When an employee claims an employer created a hostile work environment that resulted in a prohibited form of unlawful employment discrimination the employee must prove, among other things, that the employee suffered an adverse employment action. It is not enough that the employer was hostile towards the employee or that the employee found the workplace unpleasant. The employee must show the employer took some action that was adverse to the employee’s continued employment. (The standard is somewhat different in hostile work environment claims where the employee claims co-workers harassed the employee.)
Constructive discharge in hostile work environment claims in Texas
Sometimes, however, the employee decides to quit before the employer fires the employee. Here the employee claims that resignation resulted from the hostile work environment. The employee feels the workplace environment was so intolerable that a reasonable person would feel compelled to resign. The level of hostility in the workplace must be substantial to prevail on a constructive discharge case. The recent appeal decided by the Fifth Circuit Court of Appeals in Perret v. Nationwide Mutual Insurance Company shows the standard is high.
In Perret, the plaintiffs alleged the employer engaged in unlawful employment discrimination by creating a hostile work environment when their supervisor placed them on a progressive disciplinary plan. (One plaintiff alleged placement on the corrective action plan was on the basis of age, the other on the basis of age and race.) As a result of placement on the corrective action plan the two employees resigned. At trial the jury sided with the plaintiffs and held that the supervisor’s conduct was unlawfully motivated. Therefore, their resignations were constructive discharges. The appellate court; however, felt differently. The appellate court looked at previous decisions to identify several employer acts that could form the basis of a constructive discharge.
Employer acts that form the basis of a constructive discharge claim
These actions include:
1. demotion;
2. reduction in salary;
3. reduction in job responsibilities;
4. reassignment to menial or degrading work;
5. badgering, harassment, or humiliation by the employer calculated to encourage the employee’s resignation;
6. offers of early retirement that would make the employee worse off (whether accepted or not); or
7. the employer gives an ultimatum to quit or be fired.
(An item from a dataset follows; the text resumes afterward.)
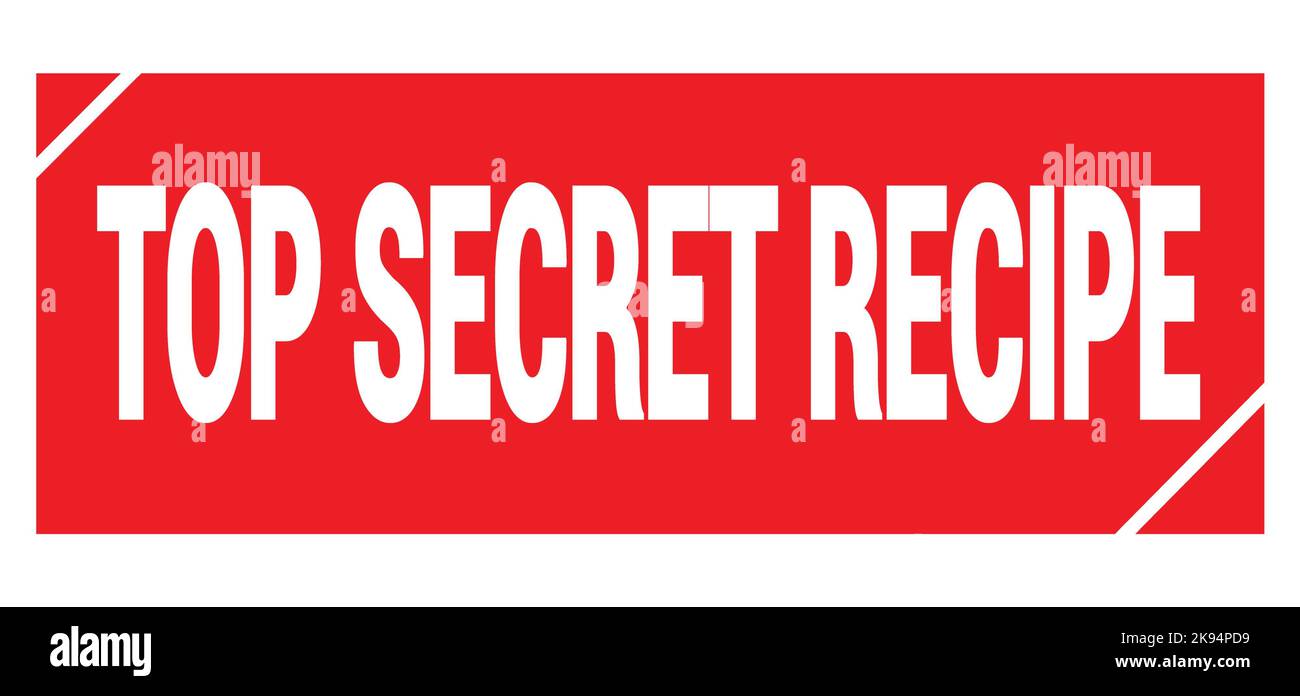 Secret Recipe Signing TOP SECRET RECIPE text written on red grungy stamp sign Stock Photo - Alamy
Not finding corrective action to be among those factors, the appellate court overturned the verdict and handed the employer a victory. The court said it just wasn’t bad enough. So if corrective action isn’t serious enough then that leaves some room for supervisors to find ways to use their position to discriminate on an unlawful basis without incurring serious risk to themselves or the employer. In the eyes of the Fifth Circuit, the employee has to be on the tipping point of losing his or her job.
Keep in mind that this is a different–and much higher–standard from hostile work environment claims that involve a supervisor (or co-worker). In these other situations the employee does not have to show one of these specific acts to prevail on constructive discharge. Instead, the employee must show the situation was so severe or so pervasive that it affects your job performance or otherwise destroys the working conditions. If that is the case then the employee’s resignation is treated as though the employer intentionally fired the employee.
Different standards for hostile work environment in Texas
The key difference is whether the supervisor used management authority to engage in the unlawful harassment of the employee. In Perret, the supervisor used his power to place employees on disciplinary action. The appellate court looked for a management-related actions (known as a “tangible employment action”) as the employer’s unlawful conduct. In contrast, a supervisor never has “sexual harassment” listed as an intended job duty of a management role. That kind of unlawful conduct can prove a constructive discharge on this lower standard.